Appellant's second contention on appeal is that the exchange of a certain parcel of land belonging to the estate for land of the Corporation of America, plus cash, was void. On October 24, 1933, Wm. G. Richards as executor of Philip's estate filed a petition for authority to make the exchange. Subsequently Frank Bennallack and others filed a protest against such exchange upon the ground that the estate had not been distributed. The petition was granted upon the ground that the exchange was for the best interests of the estate. An order authorizing the exchange was signed and filed on November 6, 1933, which stated that notice of hearing had been duly given and that evidence oral and documentary had been introduced. No appeal from such order was filed until September 27, 1937.
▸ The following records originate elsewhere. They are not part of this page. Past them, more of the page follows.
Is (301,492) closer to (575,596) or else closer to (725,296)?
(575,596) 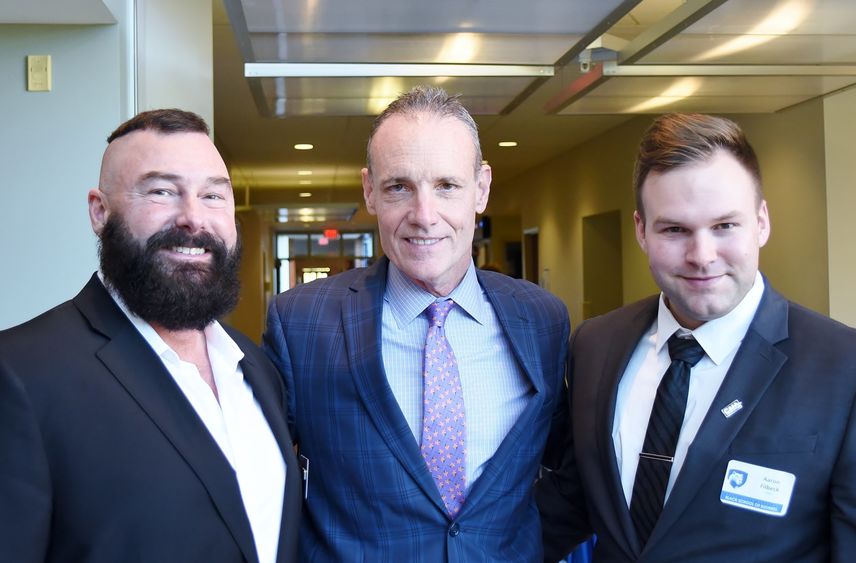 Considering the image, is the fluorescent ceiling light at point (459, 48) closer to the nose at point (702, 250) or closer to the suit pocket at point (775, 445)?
the nose at point (702, 250)

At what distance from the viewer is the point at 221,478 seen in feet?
4.89

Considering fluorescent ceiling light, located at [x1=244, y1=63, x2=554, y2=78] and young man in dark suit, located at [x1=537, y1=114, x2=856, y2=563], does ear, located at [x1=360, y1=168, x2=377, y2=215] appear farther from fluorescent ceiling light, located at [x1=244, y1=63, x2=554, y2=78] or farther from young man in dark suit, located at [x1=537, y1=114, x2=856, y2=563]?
fluorescent ceiling light, located at [x1=244, y1=63, x2=554, y2=78]

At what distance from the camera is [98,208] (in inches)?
65.2

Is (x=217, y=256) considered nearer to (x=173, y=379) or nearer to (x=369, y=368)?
(x=173, y=379)

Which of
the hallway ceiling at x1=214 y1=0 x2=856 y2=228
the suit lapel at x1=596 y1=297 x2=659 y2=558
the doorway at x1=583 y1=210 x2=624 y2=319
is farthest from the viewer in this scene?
the doorway at x1=583 y1=210 x2=624 y2=319

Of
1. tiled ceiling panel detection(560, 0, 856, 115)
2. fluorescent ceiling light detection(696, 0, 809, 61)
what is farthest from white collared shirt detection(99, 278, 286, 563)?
fluorescent ceiling light detection(696, 0, 809, 61)

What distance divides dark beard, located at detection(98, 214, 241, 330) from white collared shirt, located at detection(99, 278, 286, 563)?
0.12 feet

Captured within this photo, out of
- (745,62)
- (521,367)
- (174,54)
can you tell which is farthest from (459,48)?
(521,367)

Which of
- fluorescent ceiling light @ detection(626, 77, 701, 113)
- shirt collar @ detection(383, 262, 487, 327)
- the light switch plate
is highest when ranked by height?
fluorescent ceiling light @ detection(626, 77, 701, 113)

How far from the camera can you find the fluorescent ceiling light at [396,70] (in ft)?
14.4

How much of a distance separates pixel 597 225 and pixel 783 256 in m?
4.69

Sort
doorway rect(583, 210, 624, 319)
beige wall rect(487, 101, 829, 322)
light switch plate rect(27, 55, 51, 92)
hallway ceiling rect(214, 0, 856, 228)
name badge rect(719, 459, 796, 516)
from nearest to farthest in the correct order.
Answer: name badge rect(719, 459, 796, 516), light switch plate rect(27, 55, 51, 92), hallway ceiling rect(214, 0, 856, 228), beige wall rect(487, 101, 829, 322), doorway rect(583, 210, 624, 319)

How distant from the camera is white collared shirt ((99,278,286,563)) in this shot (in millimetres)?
1583

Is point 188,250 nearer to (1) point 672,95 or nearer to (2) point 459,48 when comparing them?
(2) point 459,48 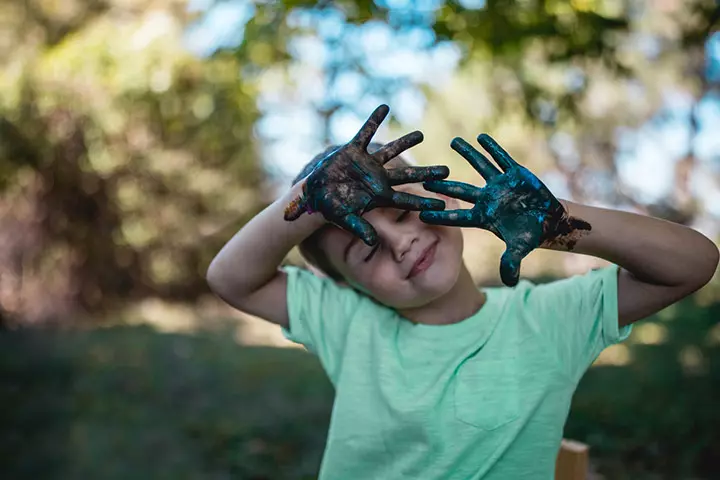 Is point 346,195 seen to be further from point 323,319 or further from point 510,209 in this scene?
point 323,319

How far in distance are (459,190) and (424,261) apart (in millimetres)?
214

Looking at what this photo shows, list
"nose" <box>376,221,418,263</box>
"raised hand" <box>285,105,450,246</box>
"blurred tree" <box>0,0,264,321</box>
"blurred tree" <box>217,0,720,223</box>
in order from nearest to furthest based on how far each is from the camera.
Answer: "raised hand" <box>285,105,450,246</box>, "nose" <box>376,221,418,263</box>, "blurred tree" <box>217,0,720,223</box>, "blurred tree" <box>0,0,264,321</box>

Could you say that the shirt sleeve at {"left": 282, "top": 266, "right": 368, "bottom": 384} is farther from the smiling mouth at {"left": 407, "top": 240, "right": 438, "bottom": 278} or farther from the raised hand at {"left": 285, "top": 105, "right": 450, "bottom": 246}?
the raised hand at {"left": 285, "top": 105, "right": 450, "bottom": 246}

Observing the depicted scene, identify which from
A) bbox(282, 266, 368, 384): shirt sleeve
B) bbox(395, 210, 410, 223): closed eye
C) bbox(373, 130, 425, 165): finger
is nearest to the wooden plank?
bbox(282, 266, 368, 384): shirt sleeve

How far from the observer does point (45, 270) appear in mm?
8305

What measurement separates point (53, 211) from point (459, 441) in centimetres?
821

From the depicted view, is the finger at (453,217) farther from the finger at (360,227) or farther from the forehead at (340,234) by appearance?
the forehead at (340,234)

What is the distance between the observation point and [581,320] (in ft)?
4.33

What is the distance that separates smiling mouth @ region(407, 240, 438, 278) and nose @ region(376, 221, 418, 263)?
3 centimetres

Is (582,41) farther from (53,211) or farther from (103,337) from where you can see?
(53,211)

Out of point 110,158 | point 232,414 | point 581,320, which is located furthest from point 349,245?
point 110,158

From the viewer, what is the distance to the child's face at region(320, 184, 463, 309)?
1270mm

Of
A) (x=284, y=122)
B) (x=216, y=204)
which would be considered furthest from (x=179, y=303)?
(x=284, y=122)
This independent proceeding initiated by petition and terminated by order was an adjudication of the exchange of property, subject to appeal within sixty days as in the case of an order directing the conveyance of property. Probate Code, § 1240. It was subject to an attack collaterally if the order was void on its face or if the probate court did not have jurisdiction to entertain the petition or had failed to follow the statutory provisions conferring jurisdiction. Texas Co. v. Bank of America, etc., Ass'n, supra. The contention is that the court did not have jurisdiction to determine the petition. Respondent contends that the authority to hear and determine the petition is found in section 860 of the Probate Code, enacted in 1931, based upon section 1576a of the Code of Civil Procedure enacted in 1929. The probate section was amended in 1935 (Stats.1935, p. 1972) and in 1939 (Stats.1939, chap. 349, p. 1684). The petition for the exchange was tantamount to a complaint in an ordinary action. The notice required by statute to parties alleged to be interested was complied with. As legatees and devisees in the Philip Richards estate, certain parties appeared in response to the notice and protested the granting of the petition, but offered no evidence against the allegation of the petition that it was to the best interests of the estate that the exchange be made. The petition might well be denominated a petition for the sale of property. Cash plus other property was the consideration for the sale. The court had jurisdiction to entertain the petition as presented. If it erred in its determination of the matter the remedy was by direct appeal. At least it should be and is impregnable, after approximately four years, against a collateral attack in the estate of Philip Richards, deceased, irrespective of any adjudication in any pending quiet title action, when it appears that appellant had knowledge that the exchange of property had been effectuated by the execution, delivery and recordation of the deeds. Estate of Pierce, 28 Cal.App.2d 8, 81 P.2d 1037.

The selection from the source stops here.